*** Opening of RECORDS FOR THIS TASK ***

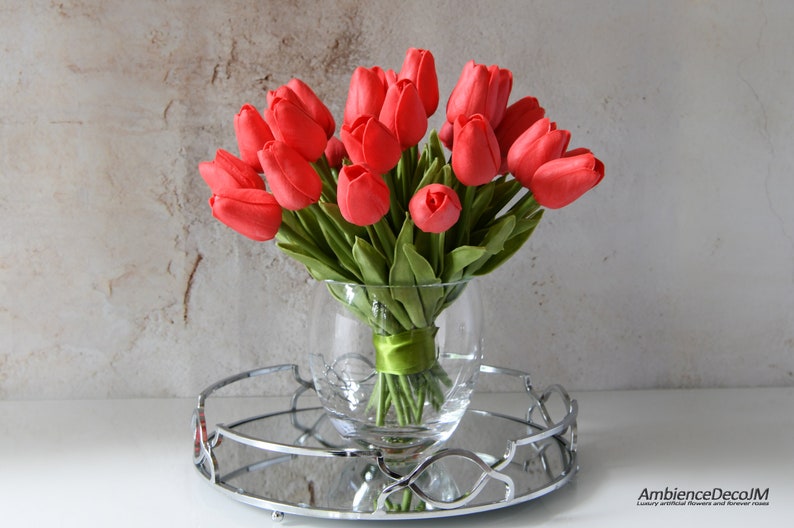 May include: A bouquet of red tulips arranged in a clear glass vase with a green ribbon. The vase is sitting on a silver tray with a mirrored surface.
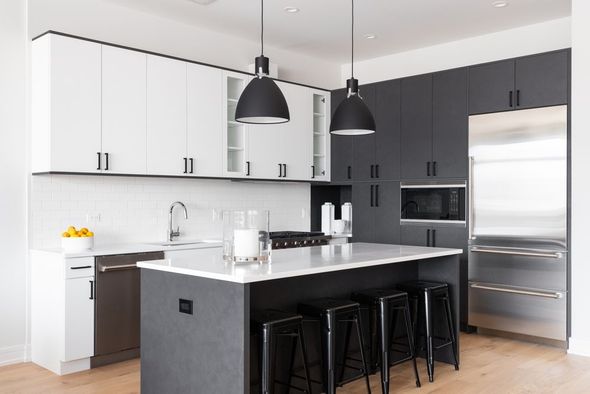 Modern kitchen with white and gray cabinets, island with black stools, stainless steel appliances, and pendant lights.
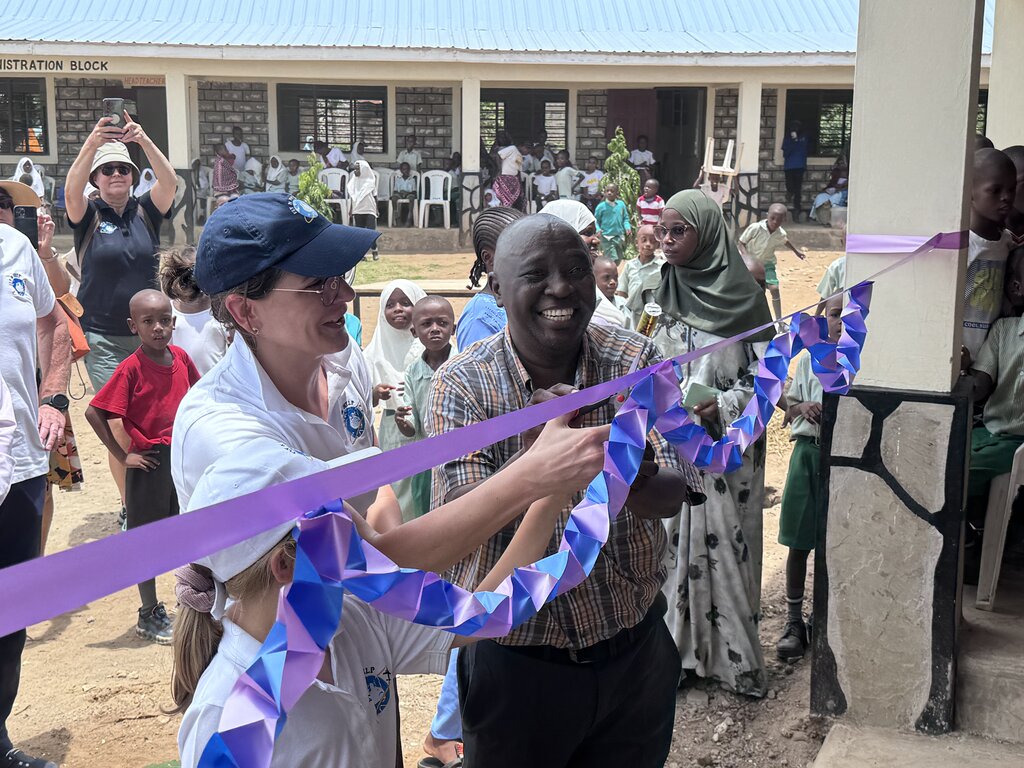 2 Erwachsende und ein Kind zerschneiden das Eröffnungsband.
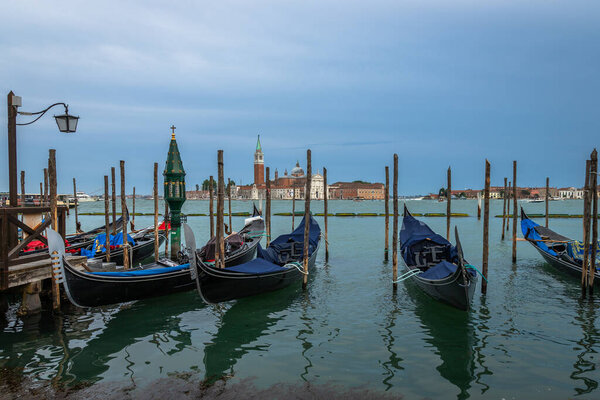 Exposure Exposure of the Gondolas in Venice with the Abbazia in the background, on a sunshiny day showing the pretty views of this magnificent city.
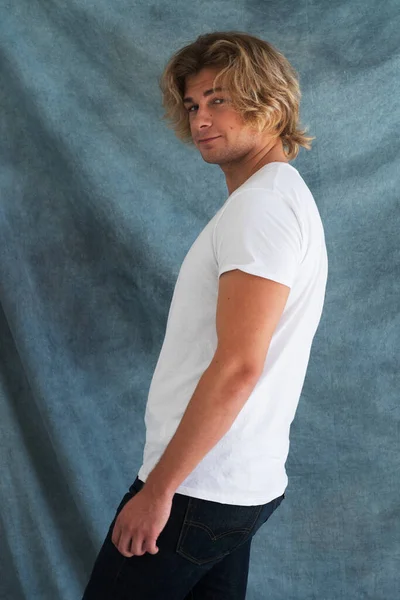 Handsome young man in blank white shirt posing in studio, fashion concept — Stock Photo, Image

*** Close of RECORDS FOR THIS TASK ***

• **YOUR OBJECTIVE**
Could you set down verbatim the lines from the beginning of the entries above through the line containing "Modern kitchen with", both included, leaving out the pictures?

• **EXERCISE SOLUTION**
 May include: A bouquet of red tulips arranged in a clear glass vase with a green ribbon. The vase is sitting on a silver tray with a mirrored surface.
 Modern kitchen with white and gray cabinets, island with black stools, stainless steel appliances, and pendant lights.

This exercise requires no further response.